*Work order*
Reproduce the listing below in full and exactly; no pictures belong in the copy.

*Data excerpt*
##############################
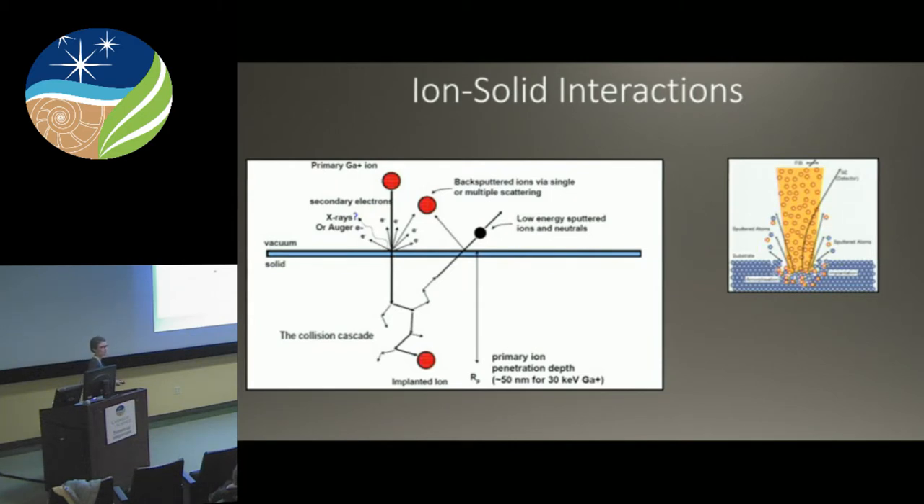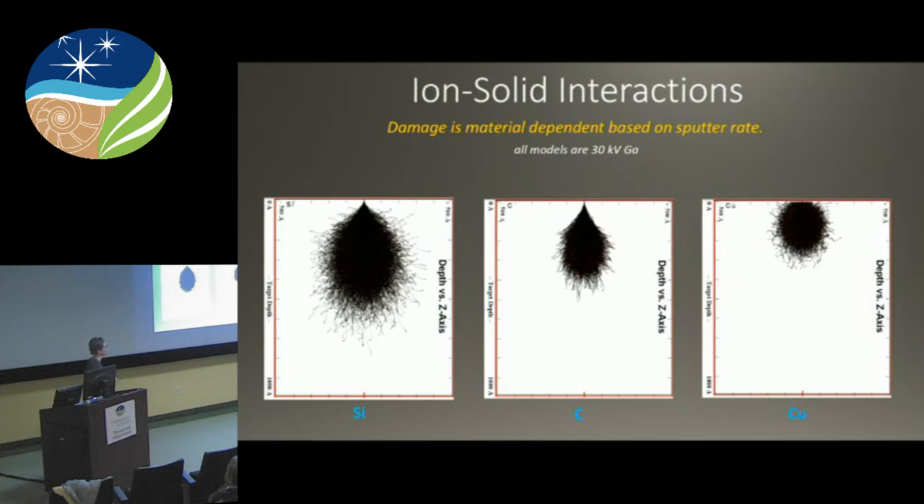When these ions come down, we call this the collision cascade. The ion comes down, generates a lot of secondary electrons at the surface — that is the main signal we use when grabbing an image with the ion beam. Then this ion comes in and makes a mess: it knocks around the lattice so atoms are not where they should be. You get implanted ions and a lot of amorphization. Does FIB damage your sample? The short answer is yes. The long answer is yes, but it depends — and we have ways of mitigating that damage.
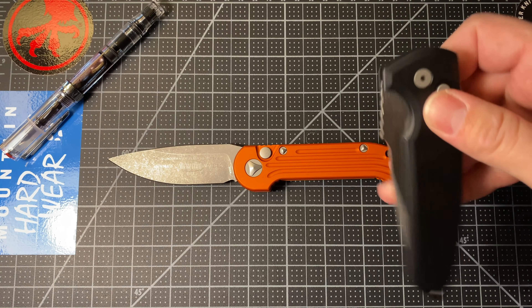A couple of regular knife size comparisons. Here is the Para-3, and here is the Para-Military 2. Lots of folks know those knives and can gauge the length from familiarity. In case you don't have any Spydercos, here's the Benchmade Griptilian full-size. So yeah, this is a full-size knife — it matches up with the Grip pretty darn well.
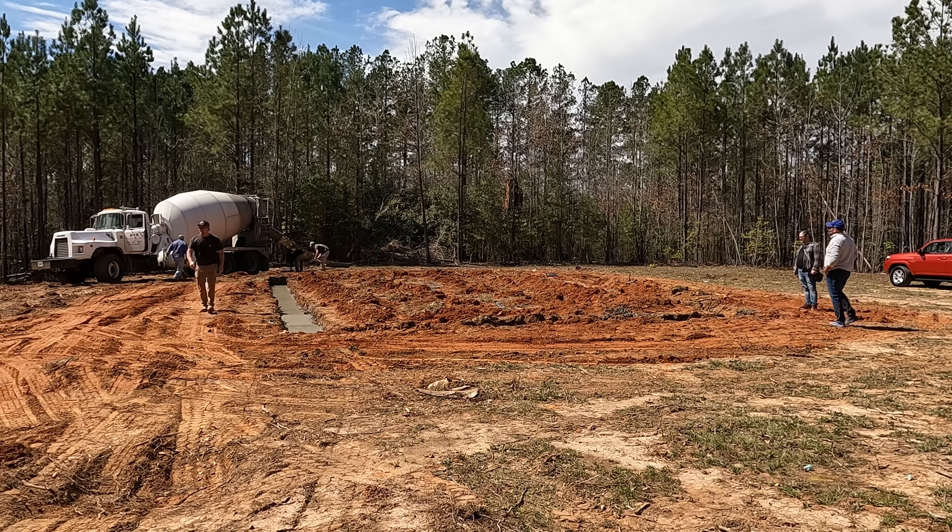We're getting close to the end of the footing — that means almost foundation time! MWH Construction Services at your service. For all your home ownership wants and needs, let us turn your dream into a reality. Make sure you guys reach out to us at MWHConstructionServices.com — links will be in the description below. You can reach out to us on Facebook, Twitter, Instagram, or directly to the website. MWH Construction Services, welcome home.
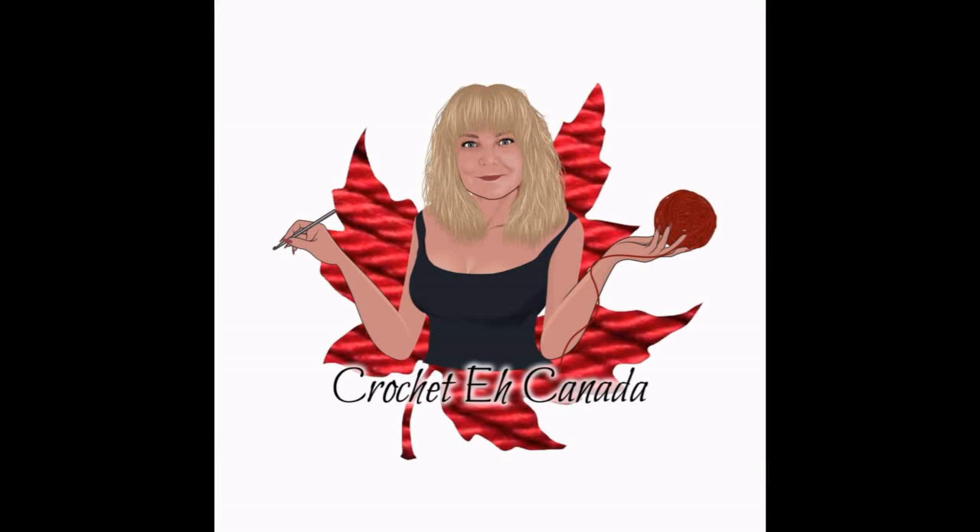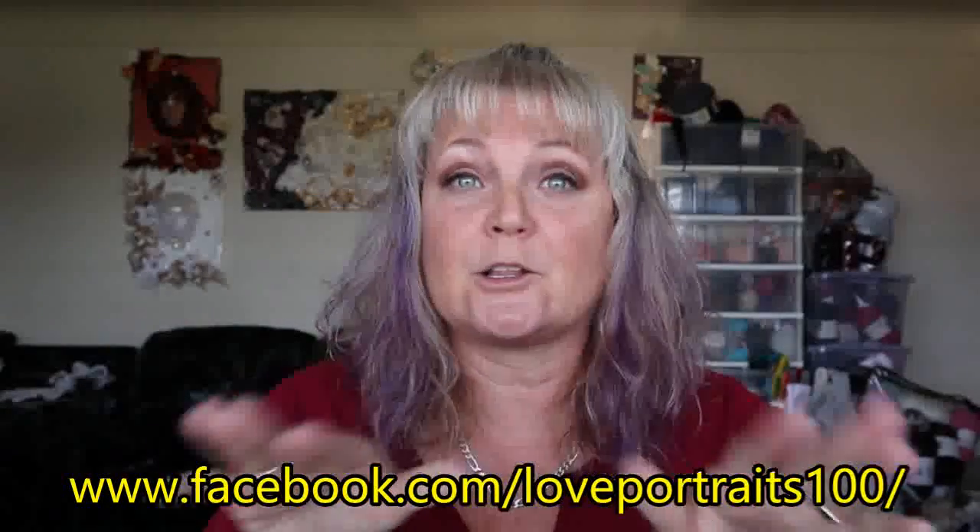I have changed my logo — no more maple leaf. I had a special logo made by a wonderful lady in England. Her company name is Love Portraits; she does a fantastic job. If you're interested in getting one done for your channel, hop over to her Facebook page. She is backlogged — it took me about two months to get mine because she has so many orders. She doesn't just do logos; she does bags, cups, t-shirts, hats — anything you could put a logo on.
##############################
*Answer space*
When these ions come down, we call this the collision cascade. The ion comes down, generates a lot of secondary electrons at the surface — that is the main signal we use when grabbing an image with the ion beam. Then this ion comes in and makes a mess: it knocks around the lattice so atoms are not where they should be. You get implanted ions and a lot of amorphization. Does FIB damage your sample? The short answer is yes. The long answer is yes, but it depends — and we have ways of mitigating that damage.
A couple of regular knife size comparisons. Here is the Para-3, and here is the Para-Military 2. Lots of folks know those knives and can gauge the length from familiarity. In case you don't have any Spydercos, here's the Benchmade Griptilian full-size. So yeah, this is a full-size knife — it matches up with the Grip pretty darn well.
We're getting close to the end of the footing — that means almost foundation time! MWH Construction Services at your service. For all your home ownership wants and needs, let us turn your dream into a reality. Make sure you guys reach out to us at MWHConstructionServices.com — links will be in the description below. You can reach out to us on Facebook, Twitter, Instagram, or directly to the website. MWH Construction Services, welcome home.
I have changed my logo — no more maple leaf. I had a special logo made by a wonderful lady in England. Her company name is Love Portraits; she does a fantastic job. If you're interested in getting one done for your channel, hop over to her Facebook page. She is backlogged — it took me about two months to get mine because she has so many orders. She doesn't just do logos; she does bags, cups, t-shirts, hats — anything you could put a logo on.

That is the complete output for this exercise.